Lawrence Carroll al Madre di Napoli
Mentre negli anni Ottanta si assiste negli Stati Uniti alla storicizzazione della Pop Art, all’esaurirsi dell’Espressionismo Astratto e del Minimalismo, Lawrence Carroll si trasferisce in un’euforica New York dove, finchè lavora come grafico e illustratore, dà vita alle sue prime opere, non riconducibili a una specifica tendenza: fin da subito i suoi quadri sono strumenti di indagine del fare pittura al di là delle scuole e delle teorie del secondo dopoguerra.
A tre anni dalla sua scomparsa il Madre di Napoli dedica la prima grande retrospettiva museale a Lawrence Carroll. La mostra – a cura di Gianfranco Maraniello – indaga la storia e la figura di questo protagonista della scena artistica nordamericana e internazionale, non assimilabile alla storia delle avanguardie e neoavanguardie.

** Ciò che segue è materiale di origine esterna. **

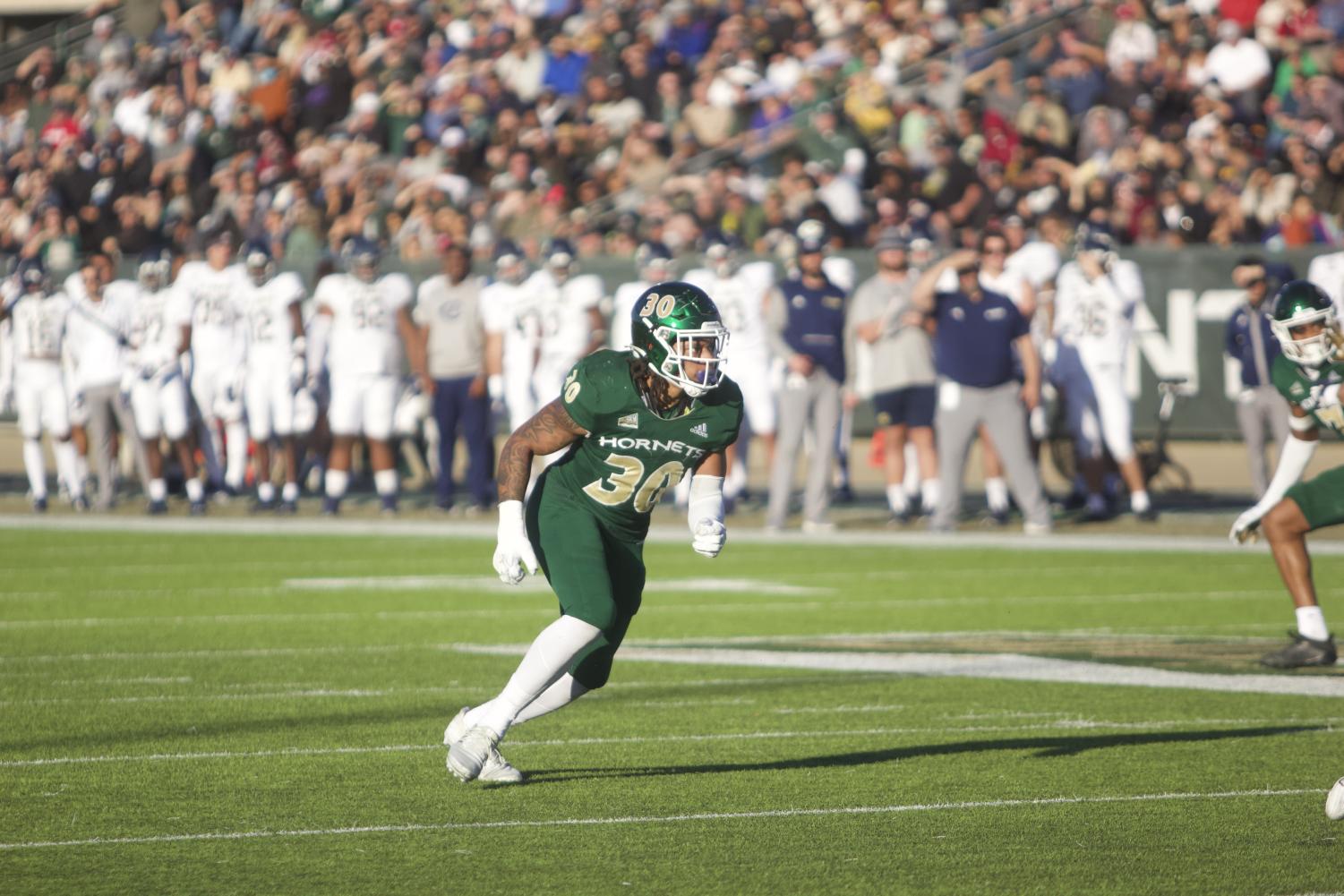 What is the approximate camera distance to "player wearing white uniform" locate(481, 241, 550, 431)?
17.9 m

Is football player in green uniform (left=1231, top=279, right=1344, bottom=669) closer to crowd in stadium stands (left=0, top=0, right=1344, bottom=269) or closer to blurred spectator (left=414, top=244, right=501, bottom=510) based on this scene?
crowd in stadium stands (left=0, top=0, right=1344, bottom=269)

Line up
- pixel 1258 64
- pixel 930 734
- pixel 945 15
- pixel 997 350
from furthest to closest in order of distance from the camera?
pixel 945 15 < pixel 1258 64 < pixel 997 350 < pixel 930 734

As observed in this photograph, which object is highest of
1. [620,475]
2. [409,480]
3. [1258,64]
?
[1258,64]

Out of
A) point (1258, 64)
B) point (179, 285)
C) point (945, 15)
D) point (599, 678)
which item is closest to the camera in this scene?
point (599, 678)

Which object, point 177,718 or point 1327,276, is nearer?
point 177,718

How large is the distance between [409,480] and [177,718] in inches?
547

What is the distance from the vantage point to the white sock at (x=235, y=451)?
61.0 ft

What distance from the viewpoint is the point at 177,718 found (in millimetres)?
7723

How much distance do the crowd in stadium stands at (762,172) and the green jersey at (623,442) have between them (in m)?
8.77

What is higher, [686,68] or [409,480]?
[686,68]

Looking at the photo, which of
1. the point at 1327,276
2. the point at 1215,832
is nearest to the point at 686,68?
the point at 1327,276

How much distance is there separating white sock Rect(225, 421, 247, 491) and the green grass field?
577 centimetres

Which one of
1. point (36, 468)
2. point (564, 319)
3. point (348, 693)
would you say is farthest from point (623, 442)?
point (36, 468)

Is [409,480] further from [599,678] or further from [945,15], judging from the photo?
[599,678] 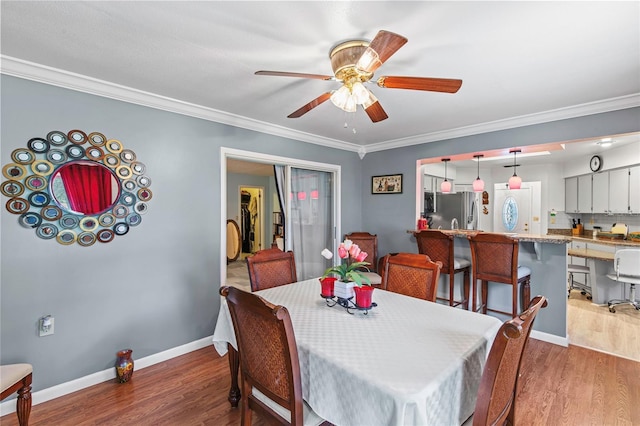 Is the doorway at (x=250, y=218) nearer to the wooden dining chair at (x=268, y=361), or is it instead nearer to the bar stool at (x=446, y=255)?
the bar stool at (x=446, y=255)

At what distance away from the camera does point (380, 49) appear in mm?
1353

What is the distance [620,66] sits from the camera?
199 centimetres

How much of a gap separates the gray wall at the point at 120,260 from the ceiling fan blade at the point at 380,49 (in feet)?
6.49

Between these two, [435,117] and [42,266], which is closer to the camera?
[42,266]

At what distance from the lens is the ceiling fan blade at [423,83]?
5.10 feet

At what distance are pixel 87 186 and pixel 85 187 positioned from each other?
0.6 inches

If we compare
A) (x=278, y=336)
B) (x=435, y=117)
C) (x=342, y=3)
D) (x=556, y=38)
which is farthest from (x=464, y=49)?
(x=278, y=336)

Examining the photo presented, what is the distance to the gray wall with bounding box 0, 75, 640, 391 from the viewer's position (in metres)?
2.03

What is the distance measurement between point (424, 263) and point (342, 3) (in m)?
1.77

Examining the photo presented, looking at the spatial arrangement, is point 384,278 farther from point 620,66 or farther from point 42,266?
point 42,266

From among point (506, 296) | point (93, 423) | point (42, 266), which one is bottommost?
point (93, 423)

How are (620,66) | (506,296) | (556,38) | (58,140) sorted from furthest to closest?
(506,296), (58,140), (620,66), (556,38)

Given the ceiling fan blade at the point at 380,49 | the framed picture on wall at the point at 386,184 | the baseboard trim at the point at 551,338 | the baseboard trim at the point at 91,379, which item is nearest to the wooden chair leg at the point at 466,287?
the baseboard trim at the point at 551,338

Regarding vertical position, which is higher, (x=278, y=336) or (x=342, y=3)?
(x=342, y=3) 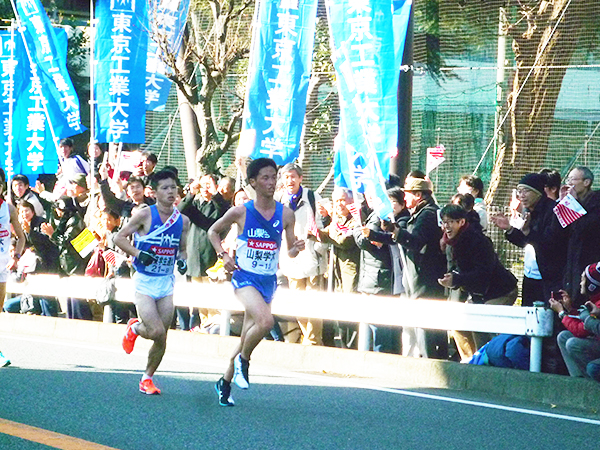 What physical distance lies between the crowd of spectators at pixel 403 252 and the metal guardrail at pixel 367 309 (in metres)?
0.22

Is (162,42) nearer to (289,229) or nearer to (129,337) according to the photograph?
(129,337)

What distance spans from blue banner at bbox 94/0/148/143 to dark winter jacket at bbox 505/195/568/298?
757 cm

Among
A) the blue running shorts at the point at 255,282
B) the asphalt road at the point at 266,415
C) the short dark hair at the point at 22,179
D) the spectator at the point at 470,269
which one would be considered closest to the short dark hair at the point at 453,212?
the spectator at the point at 470,269

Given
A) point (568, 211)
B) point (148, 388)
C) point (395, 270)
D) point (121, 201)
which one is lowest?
point (148, 388)

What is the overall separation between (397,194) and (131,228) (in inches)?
126

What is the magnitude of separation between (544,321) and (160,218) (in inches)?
134

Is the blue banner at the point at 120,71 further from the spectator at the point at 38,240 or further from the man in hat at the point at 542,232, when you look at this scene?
the man in hat at the point at 542,232

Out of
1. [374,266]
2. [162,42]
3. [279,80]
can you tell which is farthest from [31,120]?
[374,266]

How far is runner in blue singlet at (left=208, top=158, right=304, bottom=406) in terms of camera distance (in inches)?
349

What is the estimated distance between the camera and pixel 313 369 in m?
11.5

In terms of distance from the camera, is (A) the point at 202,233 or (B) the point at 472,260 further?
(A) the point at 202,233

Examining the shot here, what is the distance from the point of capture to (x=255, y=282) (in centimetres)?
905

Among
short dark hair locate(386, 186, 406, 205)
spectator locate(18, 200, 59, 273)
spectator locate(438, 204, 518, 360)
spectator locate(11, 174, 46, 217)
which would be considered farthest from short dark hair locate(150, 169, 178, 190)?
spectator locate(11, 174, 46, 217)

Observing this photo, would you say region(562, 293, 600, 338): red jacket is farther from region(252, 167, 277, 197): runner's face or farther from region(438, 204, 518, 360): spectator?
region(252, 167, 277, 197): runner's face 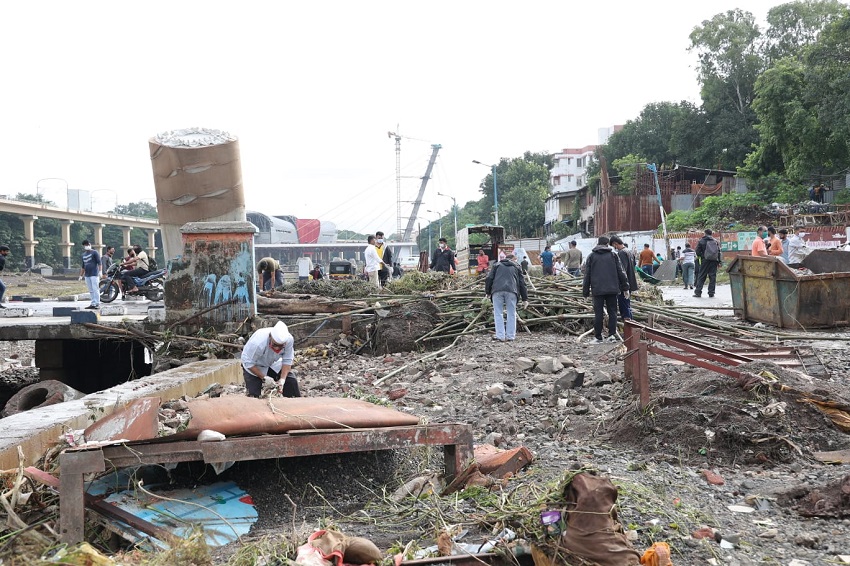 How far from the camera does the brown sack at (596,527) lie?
3.24m

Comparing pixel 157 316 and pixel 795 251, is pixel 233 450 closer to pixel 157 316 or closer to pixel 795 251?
pixel 157 316

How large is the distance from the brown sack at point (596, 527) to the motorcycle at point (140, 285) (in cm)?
1608

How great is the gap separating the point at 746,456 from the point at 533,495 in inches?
84.1

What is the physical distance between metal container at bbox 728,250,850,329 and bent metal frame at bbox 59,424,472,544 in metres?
8.02

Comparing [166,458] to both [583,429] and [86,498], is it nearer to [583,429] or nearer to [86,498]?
[86,498]

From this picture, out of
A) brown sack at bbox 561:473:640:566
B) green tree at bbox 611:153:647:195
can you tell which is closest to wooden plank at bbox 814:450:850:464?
brown sack at bbox 561:473:640:566

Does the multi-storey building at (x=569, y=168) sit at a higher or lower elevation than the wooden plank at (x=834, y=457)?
higher

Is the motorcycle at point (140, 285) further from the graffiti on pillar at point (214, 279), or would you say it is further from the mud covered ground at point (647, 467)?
the mud covered ground at point (647, 467)

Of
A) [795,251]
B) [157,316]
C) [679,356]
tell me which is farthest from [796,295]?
[157,316]

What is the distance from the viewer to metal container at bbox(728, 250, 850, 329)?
36.0ft

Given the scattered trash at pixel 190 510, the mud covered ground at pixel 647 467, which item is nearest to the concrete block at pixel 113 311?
the mud covered ground at pixel 647 467

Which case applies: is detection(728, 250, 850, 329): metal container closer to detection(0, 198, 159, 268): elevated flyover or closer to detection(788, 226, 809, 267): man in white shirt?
detection(788, 226, 809, 267): man in white shirt

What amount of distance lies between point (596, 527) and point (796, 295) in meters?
9.01

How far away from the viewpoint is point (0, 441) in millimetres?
5102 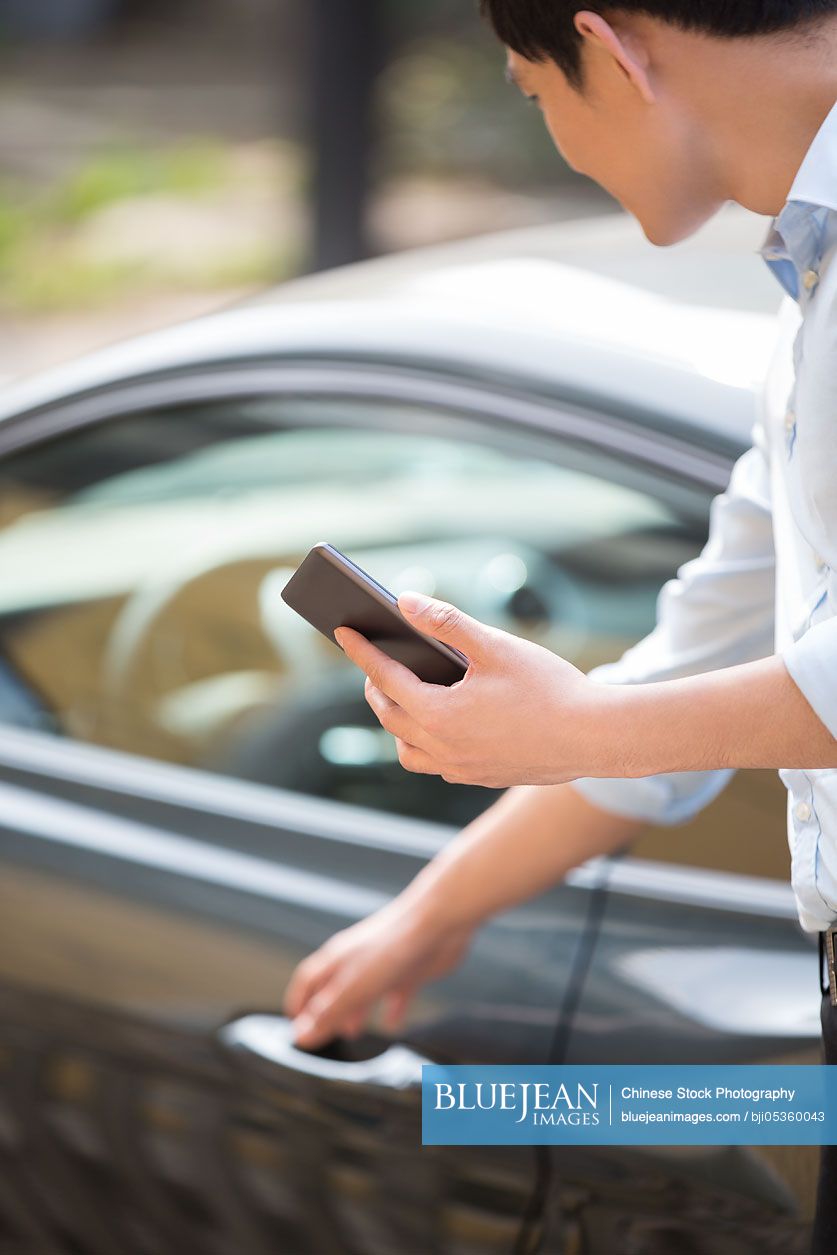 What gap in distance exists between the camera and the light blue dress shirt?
1.00 meters

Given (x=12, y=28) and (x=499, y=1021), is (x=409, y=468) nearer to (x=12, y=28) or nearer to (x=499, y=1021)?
(x=499, y=1021)

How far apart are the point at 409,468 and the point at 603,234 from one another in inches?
19.4

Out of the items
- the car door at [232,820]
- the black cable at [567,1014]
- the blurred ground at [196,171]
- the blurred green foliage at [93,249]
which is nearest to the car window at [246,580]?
the car door at [232,820]

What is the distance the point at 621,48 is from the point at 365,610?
0.43 m

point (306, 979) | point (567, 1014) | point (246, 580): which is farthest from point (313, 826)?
point (246, 580)

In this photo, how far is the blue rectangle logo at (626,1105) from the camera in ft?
4.36

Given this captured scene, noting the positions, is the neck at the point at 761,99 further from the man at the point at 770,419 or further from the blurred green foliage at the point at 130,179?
the blurred green foliage at the point at 130,179

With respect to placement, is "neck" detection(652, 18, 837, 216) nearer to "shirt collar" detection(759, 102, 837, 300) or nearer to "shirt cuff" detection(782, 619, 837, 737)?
"shirt collar" detection(759, 102, 837, 300)

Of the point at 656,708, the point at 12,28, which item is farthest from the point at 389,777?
the point at 12,28

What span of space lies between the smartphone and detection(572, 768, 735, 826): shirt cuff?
14.5 inches

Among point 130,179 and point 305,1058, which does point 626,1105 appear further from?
point 130,179

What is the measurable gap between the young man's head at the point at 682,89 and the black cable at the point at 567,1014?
0.72 meters

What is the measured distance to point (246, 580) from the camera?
2.26 meters

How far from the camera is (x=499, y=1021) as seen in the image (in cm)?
151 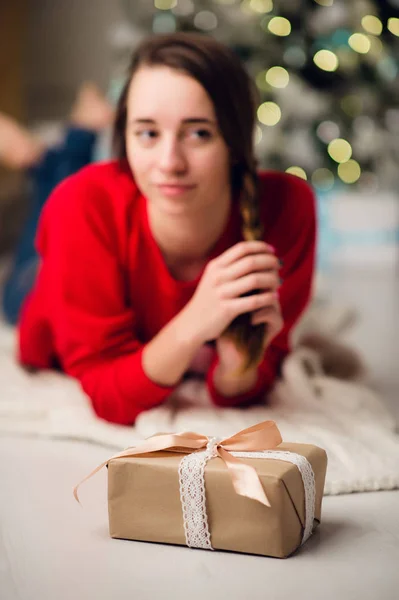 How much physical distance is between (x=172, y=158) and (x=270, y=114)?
6.00ft

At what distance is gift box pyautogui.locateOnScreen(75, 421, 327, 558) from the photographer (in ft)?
2.50

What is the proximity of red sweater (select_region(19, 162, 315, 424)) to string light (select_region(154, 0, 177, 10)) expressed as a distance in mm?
1634

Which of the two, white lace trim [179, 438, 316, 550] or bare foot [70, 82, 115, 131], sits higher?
bare foot [70, 82, 115, 131]

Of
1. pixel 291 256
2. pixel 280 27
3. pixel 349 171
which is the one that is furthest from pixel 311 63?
pixel 291 256

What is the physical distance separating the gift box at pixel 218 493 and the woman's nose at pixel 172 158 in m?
0.44

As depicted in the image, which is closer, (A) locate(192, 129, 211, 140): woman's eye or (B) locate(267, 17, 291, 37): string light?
(A) locate(192, 129, 211, 140): woman's eye

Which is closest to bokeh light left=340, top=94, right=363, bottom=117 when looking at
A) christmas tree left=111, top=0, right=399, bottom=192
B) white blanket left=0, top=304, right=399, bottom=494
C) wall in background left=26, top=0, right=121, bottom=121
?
christmas tree left=111, top=0, right=399, bottom=192

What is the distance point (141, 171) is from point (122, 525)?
55 cm

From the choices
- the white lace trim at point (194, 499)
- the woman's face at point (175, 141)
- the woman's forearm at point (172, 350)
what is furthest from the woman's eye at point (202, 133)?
the white lace trim at point (194, 499)

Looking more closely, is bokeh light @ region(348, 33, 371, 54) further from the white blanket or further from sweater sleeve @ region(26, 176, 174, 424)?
sweater sleeve @ region(26, 176, 174, 424)

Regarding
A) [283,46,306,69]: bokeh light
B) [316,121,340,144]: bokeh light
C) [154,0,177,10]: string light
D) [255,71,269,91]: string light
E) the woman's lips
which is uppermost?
[154,0,177,10]: string light

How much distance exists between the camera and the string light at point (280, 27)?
2771 millimetres

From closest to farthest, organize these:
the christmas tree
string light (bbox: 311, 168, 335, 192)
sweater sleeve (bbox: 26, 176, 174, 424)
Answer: sweater sleeve (bbox: 26, 176, 174, 424) < the christmas tree < string light (bbox: 311, 168, 335, 192)

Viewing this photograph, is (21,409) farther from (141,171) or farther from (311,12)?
(311,12) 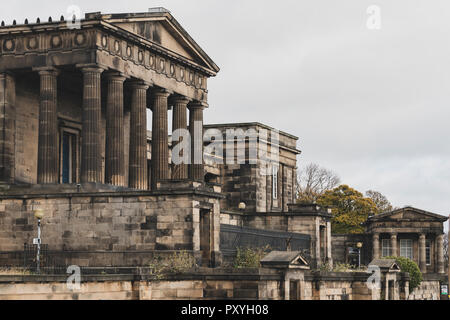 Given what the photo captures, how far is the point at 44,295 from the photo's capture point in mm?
30875

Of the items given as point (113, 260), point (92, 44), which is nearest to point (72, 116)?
point (92, 44)

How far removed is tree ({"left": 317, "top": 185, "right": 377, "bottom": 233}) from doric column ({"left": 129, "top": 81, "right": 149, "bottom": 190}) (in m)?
51.1

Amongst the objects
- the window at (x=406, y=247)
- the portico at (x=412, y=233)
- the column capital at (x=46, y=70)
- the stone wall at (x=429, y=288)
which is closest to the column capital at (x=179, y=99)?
the column capital at (x=46, y=70)

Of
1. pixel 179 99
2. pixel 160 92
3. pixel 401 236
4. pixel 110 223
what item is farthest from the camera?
pixel 401 236

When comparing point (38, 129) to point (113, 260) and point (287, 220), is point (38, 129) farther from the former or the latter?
point (287, 220)

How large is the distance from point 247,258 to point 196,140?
730 inches

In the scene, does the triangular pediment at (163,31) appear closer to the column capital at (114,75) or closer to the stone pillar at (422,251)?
the column capital at (114,75)

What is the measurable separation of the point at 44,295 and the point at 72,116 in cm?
2923

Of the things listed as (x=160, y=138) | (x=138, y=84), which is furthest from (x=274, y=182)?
(x=138, y=84)

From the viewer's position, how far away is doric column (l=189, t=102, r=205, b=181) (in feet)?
202

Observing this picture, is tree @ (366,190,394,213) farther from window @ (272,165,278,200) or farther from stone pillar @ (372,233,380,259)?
window @ (272,165,278,200)

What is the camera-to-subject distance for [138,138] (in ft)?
182

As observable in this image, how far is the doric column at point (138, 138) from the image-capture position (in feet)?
181

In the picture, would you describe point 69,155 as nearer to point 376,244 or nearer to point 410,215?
point 376,244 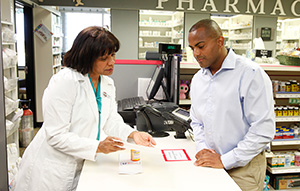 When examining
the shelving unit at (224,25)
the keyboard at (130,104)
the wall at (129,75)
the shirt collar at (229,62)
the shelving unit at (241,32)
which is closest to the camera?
the shirt collar at (229,62)

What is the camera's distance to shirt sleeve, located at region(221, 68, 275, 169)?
1.56 metres

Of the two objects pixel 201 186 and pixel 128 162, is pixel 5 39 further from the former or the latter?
pixel 201 186

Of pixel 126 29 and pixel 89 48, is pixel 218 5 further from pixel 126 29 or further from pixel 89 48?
pixel 89 48

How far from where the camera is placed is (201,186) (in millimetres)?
1454

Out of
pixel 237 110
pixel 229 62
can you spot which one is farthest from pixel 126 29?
pixel 237 110

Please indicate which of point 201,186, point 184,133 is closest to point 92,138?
point 201,186

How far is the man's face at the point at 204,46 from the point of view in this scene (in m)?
1.64

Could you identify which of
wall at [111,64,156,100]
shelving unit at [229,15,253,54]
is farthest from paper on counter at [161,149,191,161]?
shelving unit at [229,15,253,54]

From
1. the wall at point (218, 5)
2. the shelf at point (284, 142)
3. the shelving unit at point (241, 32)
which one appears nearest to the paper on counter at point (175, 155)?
the shelf at point (284, 142)

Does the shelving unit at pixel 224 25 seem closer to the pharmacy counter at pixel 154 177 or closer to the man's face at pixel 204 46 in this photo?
the man's face at pixel 204 46

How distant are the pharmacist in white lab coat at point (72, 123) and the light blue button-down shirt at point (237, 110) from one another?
0.41 meters

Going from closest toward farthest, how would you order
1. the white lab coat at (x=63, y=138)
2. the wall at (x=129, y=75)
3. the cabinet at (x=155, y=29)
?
1. the white lab coat at (x=63, y=138)
2. the wall at (x=129, y=75)
3. the cabinet at (x=155, y=29)

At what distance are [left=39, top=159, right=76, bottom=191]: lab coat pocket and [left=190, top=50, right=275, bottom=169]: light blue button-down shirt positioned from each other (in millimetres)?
871

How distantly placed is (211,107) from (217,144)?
0.74 feet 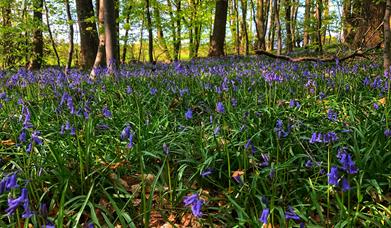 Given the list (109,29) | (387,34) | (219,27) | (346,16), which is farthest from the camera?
(219,27)

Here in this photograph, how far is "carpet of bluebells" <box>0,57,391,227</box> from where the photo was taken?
204 centimetres

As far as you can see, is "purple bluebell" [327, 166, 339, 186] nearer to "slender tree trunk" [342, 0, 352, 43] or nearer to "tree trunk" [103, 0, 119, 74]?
"tree trunk" [103, 0, 119, 74]

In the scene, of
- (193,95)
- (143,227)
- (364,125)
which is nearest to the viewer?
(143,227)

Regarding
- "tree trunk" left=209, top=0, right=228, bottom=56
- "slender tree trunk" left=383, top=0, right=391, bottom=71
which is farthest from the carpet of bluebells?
"tree trunk" left=209, top=0, right=228, bottom=56

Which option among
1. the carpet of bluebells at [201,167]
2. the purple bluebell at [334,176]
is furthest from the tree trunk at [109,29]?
the purple bluebell at [334,176]

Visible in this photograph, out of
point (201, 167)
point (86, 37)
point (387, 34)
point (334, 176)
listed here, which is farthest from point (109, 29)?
point (334, 176)

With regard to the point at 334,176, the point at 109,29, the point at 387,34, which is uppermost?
the point at 109,29

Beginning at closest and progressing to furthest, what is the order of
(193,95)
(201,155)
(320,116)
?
(201,155) → (320,116) → (193,95)

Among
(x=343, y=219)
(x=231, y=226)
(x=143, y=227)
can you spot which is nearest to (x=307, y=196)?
(x=343, y=219)

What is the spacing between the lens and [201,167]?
8.70 feet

“Siamo orgogliose di presentare al Madre questo omaggio a Lawrence Carroll, artista vissuto tra gli Stati Uniti e l’Italia – affermano la Presidente Angela Tecce e la Direttrice Kathryn Weir–, progetto espositivo che si inserisce nella tradizione delle grandi mostre che il museo ha dedicato a protagonisti della ricerca artistica contemporanea. La pittura, la scultura, le installazioni e le foto di Carroll sono testimonianze di una profonda riflessione interiore e della sua costante indagine sull’esistenza e sulla necessità che l’umanità ha dell’arte. Le sue opere dai colori sommessi, stratificati e dalle forme essenziali inglobano memorie del vissuto e tracce del reale, trasfigurandoli in un linguaggio rigoroso ed evocativo”.
La mostra presenta 80 opere dell’artista realizzate nel corso di oltre trent’anni di carriera, allestite in un percorso che privilegia le relazioni delle opere con lo spazio e con i sentimenti rispetto alla paralizzante classificazione cronologica o tematica. Carroll considerava infatti i suoi lavori presenze fisiche che abitano gli spazi e che incontrano l’osservatore, entrandoci in dialogo. Ogni sua realizzazione mantiene per questo la stessa imperfezione dell’essere umano e, usando le sue stesse parole, un necessario “ancoraggio al mondo”.
“Lawrence Carroll ha un ruolo eminente nella storia dell’arte americana per avere mostrato orizzonti e aperture oltre l’impasse dei dogmatismi teorici che avevano sostenuto gli impianti di modernismo e postmodernismo fino alla metà degli anni Ottanta – dice Gianfranco Maraniello, curatore della mostra –. Realizzare oggi una mostra di Lawrence Carroll significa restare fedeli alla sua inquietudine, corrispondere alla vitalità di opere che continuano a cercare il loro luogo dove vivere interrogando le incessanti possibilità della pittura.”
Nelle opere di Carroll sono presenti temi e maniere della pittura contemporanea negli Stati Uniti, da Jasper Johns a Robert Ryman, da Ad Reinhardt a Robert Rauschenberg, come della scultura di Donald Judd e Carl André; partendo dalla progressiva cancellazione di immagini preesistenti, Carroll arriva a stesure di colore bianco simili alla tela stessa. La superficie del quadro si rivela così non solo un campo stratificato di pigmento, ma anche un modo per osservare il potenziale infinito di dipingere.
Nei suoi quadri Carroll ha continuato a interrogare gli strumenti dell’arte, tagliando e ricombinando porzioni di tela dove le cuciture sembrano disegni o ferite, innestando oggetti organici o inorganici dando luogo a sorprendenti volumetrie, attuando una costante ridefinizione della pittura. Attraverso le sue opere l’artista propone un’incessante interrogazione su quale sia la sua posizione nei confronti della realtà, della sua solitudine di fronte al mondo, del mondo da lui creato.
Tra i suoi lavori più recenti si annovera una serie di fotografie esposte precedentemente soltanto in occasione di una mostra presso la Fondazione Rolla, oltre ad alcuni disegni inediti.
La mostra è realizzata in collaborazione con Lucy Jones Carroll per l’Archivio Lawrence Carroll, che dichiara “Che questa prima e importante retrospettiva dell’opera di Lawrence sia ospitata dal museo Madre di Napoli, un luogo così vicino al suo cuore, è un sogno! È stata una gioia scoprire sala per sala la mostra curata da Gianfranco Maraniello. Voglio ringraziare in particolare lui, Angela Tecce, Kathryn Weir, il museo e tutti coloro che hanno sostenuto questo progetto, ho apprezzato davvero molto questa collaborazione”.